The Madison Project, Bob Davis and the Mathman

"How can I motivate my students to get more interested in doing math?" was the question I posed to Don Cohen back in 1972 at a Saturday morning math workshop in NYC.  "The problem is that your kids are not really doing math," Don replied as we strolled down a picturesque Greenwich Village street. "What you need to do is get your students to create their own math. But first the teacher needs to do the same. That's the purpose of the workshop I am leading here." That one comment has stayed with me ever since as I continue my effort to inspire teachers to aim for that vision for themselves and with their students.

At the time, Don's vision came from his work with Bob Davis and the Madison Math Project. Join us tonight at the Math 2.0 Elluminate Live! session (August 4, 2010 9:30pm EDT) where Don (the Mathman) will be sharing that his early vision hasn't really changed all that much over the past 40+ years.

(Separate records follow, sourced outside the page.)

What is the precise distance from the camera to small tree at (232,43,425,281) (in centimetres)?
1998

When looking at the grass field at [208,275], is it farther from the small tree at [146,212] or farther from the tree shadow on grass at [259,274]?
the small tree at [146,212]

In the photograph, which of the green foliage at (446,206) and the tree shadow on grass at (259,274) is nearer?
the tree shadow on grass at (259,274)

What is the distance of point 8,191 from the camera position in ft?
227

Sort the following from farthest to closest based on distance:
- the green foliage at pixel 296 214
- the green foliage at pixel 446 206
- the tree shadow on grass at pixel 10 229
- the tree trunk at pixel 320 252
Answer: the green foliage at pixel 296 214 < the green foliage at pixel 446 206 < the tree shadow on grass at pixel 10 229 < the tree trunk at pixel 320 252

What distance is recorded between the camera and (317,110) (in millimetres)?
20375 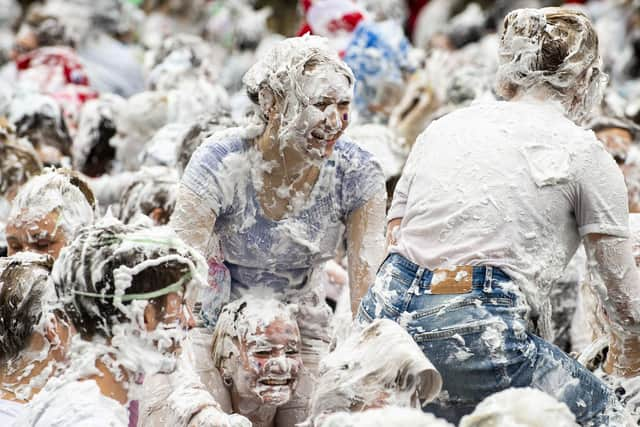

If you can't make it tonight, there will be a recording available at Math 2.0 Elluminate site after the session is over.

Saturday, July 31, 2010

Patrick Vennebush - NCTM's Technology Linchpin

When Seth Godin wrote his book Linchpin, he had people like Patrick Vannebush in mind. Last night (July 7th) Patrick was the guest speaker on Maria Droujkova's Math 2.0 Live! Elluminate session and he spoke very eloquently and passionately about his work as one of the technology leaders at NCTM.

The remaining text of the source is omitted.